Designed to be deployed in a network rack, the Infoblox Internal DNS Security appliance prevents hackers from launching attacks against DNS server that data center operators deploy inside a data center to manage external requests.
In recent months Arya Barirani, vice president of product marketing for Infoblox, says DNS servers inside the data center have become targets because firewalls don’t inspect DNS queries. Unfortunately, as one of the earliest Internet technologies ever developed, Barirani says DNS assumes a level of trust that doesn’t exist in the IT world today.
“Hackers are now going after the soft underbelly of the network,” says Barirani. “We’re starting to see more attacks aimed at the DNS server inside the data center.

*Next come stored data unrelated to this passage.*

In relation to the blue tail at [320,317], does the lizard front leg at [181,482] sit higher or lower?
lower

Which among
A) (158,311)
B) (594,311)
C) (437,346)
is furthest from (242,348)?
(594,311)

Specifically, Barirani says the Infoblox Internal DNS Security appliance is designed to harden the DNS server in a way prevents distributed denial of service (DDoS) attacks from being launched. Barirani says it also prevents malware from hijacking it to communicate with a botnet server or steal data using DNS queries.

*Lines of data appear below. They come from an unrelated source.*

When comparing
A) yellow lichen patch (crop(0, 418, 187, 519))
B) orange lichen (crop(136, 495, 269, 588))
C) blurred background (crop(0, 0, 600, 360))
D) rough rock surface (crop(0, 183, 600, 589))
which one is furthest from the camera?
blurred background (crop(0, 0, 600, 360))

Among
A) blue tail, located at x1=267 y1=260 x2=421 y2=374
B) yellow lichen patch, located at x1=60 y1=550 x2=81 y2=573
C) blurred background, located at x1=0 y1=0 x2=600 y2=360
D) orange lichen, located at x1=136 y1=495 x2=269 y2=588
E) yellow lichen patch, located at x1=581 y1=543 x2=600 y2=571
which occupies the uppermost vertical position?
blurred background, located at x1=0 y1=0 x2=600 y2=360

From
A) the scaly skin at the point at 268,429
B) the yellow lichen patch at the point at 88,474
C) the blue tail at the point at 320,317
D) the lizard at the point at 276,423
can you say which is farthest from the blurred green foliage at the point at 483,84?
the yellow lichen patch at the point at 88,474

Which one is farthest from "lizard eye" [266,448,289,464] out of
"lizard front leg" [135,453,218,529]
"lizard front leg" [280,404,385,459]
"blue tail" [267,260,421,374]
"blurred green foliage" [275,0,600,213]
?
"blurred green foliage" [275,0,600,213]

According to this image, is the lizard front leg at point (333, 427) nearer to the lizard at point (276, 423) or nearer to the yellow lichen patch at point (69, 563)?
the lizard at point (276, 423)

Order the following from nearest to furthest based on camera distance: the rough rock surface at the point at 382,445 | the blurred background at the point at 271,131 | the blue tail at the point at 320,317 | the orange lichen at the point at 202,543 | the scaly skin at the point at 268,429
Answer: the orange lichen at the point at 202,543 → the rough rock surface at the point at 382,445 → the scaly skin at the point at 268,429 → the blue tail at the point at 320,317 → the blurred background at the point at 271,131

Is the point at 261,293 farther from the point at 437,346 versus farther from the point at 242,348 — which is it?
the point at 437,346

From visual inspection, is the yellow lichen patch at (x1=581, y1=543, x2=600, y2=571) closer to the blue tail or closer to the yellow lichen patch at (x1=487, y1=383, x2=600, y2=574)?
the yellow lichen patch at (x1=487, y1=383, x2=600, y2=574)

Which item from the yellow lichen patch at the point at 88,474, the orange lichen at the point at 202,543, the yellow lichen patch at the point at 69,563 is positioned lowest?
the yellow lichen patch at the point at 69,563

The Infoblox Internal DNS Security appliance is a complement to the Infoblox External DNS Security appliance that is designed to mitigate external threats such as volumetric DDoS, DNS hijacking, DNS-based exploits, and reconnaissance attacks. When a DDoS attack is detected, the appliance is designed to blocking hostile DNS traffic.

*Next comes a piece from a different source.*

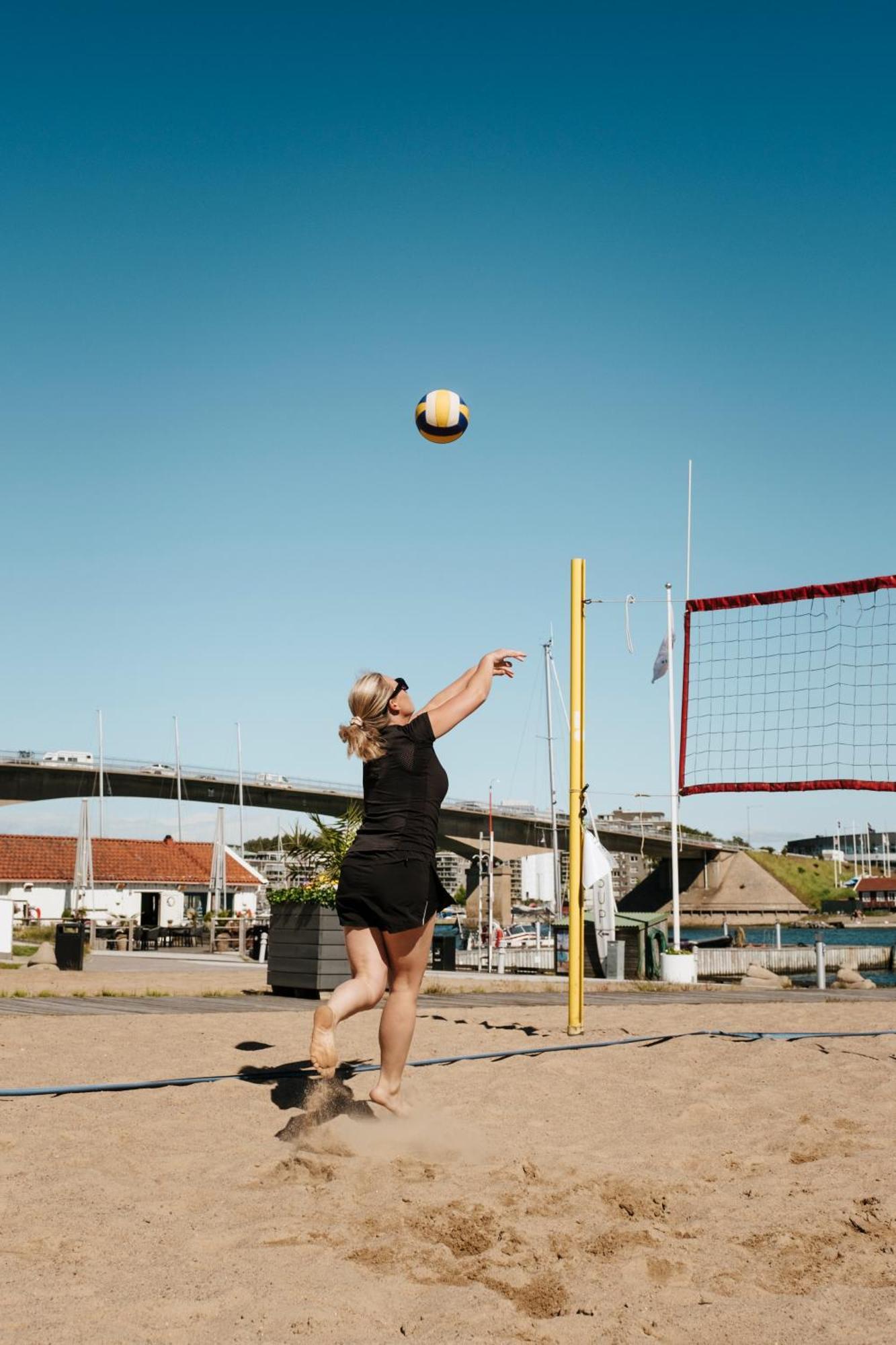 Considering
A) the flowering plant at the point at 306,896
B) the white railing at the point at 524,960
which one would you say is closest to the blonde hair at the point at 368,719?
the flowering plant at the point at 306,896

In addition, Infoblox has exposed a set of application programming interfaces through which its appliance can consume threat intelligence provided by third-party security intelligence services. In the event of a DNS attack, the Infoblox appliances can be alerted to the threat before those attacks cripple a local DNS server.
At this point, however, the biggest challenge may be finding who inside the data center is actually responsible for securing the DNS server. The networking team often tends to think of anything to do with security to be outside their purview. The IT security team, conversely, assumes anything associated with DNS is being handled by the networking specialists inside the data center.
Hackers, meanwhile, are not only getting savvier about exploiting seams between how teams inside data centers are organized, they have access to advanced analytics tools that make it easy to identify vulnerable DNS servers. Given that level of sophistication of those tools it’s probably only a matter of time before an existing DNS server gets compromised.